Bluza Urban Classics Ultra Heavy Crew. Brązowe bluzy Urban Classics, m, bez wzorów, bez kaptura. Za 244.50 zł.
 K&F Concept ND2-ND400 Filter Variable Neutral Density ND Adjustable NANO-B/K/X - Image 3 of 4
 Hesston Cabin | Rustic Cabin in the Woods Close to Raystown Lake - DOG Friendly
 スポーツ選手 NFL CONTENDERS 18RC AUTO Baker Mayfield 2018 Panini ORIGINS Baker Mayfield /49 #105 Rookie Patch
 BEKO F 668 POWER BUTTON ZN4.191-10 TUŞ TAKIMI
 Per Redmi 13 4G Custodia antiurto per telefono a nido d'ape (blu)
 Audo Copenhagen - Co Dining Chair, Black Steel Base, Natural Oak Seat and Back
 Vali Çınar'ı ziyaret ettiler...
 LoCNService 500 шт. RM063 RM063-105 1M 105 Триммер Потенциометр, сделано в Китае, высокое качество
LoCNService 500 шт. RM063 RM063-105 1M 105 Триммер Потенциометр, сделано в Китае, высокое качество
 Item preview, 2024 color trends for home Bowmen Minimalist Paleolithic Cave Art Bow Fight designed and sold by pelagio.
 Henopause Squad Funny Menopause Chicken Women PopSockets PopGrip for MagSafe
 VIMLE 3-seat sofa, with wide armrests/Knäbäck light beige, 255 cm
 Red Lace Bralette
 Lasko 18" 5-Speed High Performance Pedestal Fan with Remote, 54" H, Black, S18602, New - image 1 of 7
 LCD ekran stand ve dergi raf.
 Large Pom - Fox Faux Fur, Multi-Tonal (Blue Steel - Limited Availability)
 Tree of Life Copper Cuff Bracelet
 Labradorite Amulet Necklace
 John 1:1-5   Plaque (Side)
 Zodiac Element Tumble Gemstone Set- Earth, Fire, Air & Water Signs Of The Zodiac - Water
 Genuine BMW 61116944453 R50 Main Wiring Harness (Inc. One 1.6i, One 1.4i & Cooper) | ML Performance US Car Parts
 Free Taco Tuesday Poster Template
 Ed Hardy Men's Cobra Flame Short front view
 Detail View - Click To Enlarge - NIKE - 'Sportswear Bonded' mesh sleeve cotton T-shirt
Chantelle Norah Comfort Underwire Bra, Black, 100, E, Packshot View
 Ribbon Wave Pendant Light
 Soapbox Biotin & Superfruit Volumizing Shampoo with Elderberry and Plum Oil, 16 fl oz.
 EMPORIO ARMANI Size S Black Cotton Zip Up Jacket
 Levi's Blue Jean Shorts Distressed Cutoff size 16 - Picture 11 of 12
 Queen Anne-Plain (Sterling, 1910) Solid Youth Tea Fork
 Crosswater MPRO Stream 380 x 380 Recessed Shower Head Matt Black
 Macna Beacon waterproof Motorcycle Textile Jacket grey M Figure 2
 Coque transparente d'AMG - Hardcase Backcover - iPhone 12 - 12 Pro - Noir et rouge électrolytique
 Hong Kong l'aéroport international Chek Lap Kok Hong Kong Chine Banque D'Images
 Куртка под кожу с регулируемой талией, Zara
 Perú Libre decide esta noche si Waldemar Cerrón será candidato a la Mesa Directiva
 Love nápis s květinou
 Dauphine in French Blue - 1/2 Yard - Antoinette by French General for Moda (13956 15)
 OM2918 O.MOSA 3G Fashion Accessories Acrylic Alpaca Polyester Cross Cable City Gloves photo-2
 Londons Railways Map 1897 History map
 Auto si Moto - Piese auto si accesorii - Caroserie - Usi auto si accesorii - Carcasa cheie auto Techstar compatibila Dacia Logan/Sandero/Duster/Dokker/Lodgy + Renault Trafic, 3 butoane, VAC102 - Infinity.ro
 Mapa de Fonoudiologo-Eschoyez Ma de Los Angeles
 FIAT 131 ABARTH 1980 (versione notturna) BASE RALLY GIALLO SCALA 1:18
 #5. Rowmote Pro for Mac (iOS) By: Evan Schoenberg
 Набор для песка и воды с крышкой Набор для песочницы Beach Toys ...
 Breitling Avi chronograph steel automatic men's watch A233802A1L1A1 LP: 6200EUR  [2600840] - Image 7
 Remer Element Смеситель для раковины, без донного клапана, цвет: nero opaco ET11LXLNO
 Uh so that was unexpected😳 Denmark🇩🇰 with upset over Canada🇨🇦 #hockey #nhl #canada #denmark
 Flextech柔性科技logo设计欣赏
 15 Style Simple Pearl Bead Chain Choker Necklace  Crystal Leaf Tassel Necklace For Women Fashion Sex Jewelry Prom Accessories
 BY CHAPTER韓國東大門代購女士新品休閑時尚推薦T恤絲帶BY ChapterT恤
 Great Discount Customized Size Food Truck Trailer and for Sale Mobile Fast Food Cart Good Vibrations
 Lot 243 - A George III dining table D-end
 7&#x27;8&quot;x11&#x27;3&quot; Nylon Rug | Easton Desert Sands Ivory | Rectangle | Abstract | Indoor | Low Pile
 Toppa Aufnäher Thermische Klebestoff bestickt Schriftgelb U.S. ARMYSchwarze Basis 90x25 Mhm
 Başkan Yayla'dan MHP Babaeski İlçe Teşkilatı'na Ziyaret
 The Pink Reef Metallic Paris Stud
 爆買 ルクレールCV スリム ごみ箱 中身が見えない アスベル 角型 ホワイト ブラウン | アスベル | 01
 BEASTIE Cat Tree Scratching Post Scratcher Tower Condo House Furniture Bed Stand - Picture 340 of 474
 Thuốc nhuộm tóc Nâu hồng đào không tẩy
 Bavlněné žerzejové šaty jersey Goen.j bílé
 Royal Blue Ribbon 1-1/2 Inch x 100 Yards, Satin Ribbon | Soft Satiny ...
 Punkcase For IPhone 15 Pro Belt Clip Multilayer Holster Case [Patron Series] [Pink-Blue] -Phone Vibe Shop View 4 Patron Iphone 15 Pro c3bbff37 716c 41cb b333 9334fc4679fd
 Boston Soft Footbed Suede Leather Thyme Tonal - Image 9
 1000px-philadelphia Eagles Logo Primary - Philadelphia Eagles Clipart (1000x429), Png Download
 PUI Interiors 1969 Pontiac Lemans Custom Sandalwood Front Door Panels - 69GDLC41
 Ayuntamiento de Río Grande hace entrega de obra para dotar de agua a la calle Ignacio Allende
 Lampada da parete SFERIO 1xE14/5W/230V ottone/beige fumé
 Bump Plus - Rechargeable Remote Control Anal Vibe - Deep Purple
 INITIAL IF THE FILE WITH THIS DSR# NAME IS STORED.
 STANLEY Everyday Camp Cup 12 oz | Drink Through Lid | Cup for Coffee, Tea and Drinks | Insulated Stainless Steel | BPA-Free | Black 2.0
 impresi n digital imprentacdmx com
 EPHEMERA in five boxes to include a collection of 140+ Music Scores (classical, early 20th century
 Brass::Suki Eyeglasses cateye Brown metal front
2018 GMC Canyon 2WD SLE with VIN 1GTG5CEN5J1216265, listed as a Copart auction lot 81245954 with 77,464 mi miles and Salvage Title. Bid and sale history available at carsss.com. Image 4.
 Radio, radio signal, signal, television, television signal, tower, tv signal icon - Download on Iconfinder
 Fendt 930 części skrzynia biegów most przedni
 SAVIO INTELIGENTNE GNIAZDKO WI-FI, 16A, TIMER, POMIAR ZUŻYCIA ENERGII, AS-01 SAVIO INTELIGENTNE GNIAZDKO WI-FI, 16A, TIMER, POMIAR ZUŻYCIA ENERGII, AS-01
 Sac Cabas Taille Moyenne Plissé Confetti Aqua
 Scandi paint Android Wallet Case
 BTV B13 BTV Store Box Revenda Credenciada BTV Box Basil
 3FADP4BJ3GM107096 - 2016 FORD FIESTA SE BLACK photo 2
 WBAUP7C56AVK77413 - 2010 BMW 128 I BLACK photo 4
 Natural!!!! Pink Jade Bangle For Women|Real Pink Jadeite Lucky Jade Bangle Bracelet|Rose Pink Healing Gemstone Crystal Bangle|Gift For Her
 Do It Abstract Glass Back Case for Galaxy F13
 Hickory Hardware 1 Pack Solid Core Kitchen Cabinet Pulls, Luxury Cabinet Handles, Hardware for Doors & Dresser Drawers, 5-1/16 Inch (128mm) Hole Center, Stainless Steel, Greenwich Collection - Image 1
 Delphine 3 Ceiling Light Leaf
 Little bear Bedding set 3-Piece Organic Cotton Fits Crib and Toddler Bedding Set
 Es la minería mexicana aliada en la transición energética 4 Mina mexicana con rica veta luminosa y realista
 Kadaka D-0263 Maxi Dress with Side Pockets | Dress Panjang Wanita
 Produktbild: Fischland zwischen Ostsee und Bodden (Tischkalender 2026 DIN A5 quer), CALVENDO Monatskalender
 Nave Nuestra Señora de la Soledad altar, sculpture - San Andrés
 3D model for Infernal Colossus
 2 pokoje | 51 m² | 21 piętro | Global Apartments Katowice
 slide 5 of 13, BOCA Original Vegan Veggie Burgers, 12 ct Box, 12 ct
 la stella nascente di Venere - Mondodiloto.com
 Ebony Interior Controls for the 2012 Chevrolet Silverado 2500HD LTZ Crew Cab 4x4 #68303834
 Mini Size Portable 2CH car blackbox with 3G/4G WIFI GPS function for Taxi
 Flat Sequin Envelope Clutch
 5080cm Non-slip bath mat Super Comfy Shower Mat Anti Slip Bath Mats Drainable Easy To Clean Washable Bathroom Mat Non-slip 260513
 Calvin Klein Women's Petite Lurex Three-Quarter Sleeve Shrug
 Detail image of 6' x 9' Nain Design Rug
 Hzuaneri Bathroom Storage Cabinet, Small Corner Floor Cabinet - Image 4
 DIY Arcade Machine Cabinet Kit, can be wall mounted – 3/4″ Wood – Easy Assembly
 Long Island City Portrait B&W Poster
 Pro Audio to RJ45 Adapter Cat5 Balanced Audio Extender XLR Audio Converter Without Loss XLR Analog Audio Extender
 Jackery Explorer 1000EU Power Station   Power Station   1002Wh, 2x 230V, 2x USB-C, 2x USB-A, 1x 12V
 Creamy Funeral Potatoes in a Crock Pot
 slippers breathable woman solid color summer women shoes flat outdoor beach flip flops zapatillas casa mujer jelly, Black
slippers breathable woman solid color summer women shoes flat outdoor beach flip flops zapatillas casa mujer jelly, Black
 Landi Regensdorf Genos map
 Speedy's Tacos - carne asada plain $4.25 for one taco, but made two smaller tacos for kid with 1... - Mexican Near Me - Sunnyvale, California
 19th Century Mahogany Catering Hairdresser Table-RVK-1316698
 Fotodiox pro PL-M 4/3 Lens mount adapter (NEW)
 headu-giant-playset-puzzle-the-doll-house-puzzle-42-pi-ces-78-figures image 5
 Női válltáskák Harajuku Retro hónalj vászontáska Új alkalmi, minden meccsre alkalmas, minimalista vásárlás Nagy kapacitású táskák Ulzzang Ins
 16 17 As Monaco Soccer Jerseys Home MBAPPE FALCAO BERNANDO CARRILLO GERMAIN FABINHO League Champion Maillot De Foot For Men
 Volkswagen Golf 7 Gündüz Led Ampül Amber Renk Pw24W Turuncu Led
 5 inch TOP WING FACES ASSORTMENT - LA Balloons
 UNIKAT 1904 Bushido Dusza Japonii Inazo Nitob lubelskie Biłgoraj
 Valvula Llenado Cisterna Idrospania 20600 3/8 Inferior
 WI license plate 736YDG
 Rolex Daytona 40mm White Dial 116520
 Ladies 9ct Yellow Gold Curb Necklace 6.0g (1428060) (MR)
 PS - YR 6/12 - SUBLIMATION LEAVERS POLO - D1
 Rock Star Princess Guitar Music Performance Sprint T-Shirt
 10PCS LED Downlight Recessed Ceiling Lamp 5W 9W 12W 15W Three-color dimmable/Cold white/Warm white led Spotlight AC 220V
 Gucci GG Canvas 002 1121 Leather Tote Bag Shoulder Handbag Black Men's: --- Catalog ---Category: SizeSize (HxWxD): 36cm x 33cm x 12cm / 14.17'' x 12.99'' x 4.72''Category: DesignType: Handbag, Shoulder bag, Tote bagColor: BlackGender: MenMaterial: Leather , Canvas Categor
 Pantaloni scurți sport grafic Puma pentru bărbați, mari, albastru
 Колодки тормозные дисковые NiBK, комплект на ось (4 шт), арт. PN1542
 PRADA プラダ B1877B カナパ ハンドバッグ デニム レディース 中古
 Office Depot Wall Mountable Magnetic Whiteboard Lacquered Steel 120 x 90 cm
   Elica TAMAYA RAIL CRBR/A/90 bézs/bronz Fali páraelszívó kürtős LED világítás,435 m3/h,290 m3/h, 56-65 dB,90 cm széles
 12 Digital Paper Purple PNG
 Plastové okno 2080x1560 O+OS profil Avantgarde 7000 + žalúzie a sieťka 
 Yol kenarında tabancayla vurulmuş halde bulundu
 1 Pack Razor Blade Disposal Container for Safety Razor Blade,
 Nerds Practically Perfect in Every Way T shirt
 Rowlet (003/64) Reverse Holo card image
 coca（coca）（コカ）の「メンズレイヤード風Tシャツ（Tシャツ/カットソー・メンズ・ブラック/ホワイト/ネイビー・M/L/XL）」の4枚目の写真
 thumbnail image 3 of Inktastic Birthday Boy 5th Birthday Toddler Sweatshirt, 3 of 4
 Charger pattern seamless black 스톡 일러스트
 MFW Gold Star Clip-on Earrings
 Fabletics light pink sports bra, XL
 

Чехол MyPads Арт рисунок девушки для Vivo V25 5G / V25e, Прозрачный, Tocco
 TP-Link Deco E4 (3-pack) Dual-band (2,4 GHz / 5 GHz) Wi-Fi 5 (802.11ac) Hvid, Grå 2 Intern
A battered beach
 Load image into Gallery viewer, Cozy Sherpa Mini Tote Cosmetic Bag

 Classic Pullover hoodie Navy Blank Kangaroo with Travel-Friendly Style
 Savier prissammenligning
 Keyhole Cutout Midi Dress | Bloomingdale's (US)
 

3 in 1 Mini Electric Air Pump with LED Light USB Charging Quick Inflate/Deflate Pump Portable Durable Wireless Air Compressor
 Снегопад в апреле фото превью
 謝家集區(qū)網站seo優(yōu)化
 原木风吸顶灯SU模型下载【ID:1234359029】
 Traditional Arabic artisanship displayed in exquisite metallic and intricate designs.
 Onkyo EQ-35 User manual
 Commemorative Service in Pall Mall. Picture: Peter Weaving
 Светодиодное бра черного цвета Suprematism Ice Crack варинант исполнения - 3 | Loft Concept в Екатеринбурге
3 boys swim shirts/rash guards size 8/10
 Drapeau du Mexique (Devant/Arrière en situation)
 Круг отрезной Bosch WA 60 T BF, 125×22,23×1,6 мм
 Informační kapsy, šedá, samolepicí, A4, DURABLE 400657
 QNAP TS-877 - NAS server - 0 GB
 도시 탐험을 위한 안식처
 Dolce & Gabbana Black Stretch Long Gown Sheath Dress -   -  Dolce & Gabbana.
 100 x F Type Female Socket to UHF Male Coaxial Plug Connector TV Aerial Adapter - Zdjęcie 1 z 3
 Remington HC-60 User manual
....................
■ **How to complete this task**
From the listing above, return the lines starting at the one with "スポーツ選手 NFL CONTENDERS" and ending at the one with "Per Redmi 13", both kept, exactly as they appear and nothing more.

■ **Answer to the exercise**
 スポーツ選手 NFL CONTENDERS 18RC AUTO Baker Mayfield 2018 Panini ORIGINS Baker Mayfield /49 #105 Rookie Patch
 BEKO F 668 POWER BUTTON ZN4.191-10 TUŞ TAKIMI
 Per Redmi 13 4G Custodia antiurto per telefono a nido d'ape (blu)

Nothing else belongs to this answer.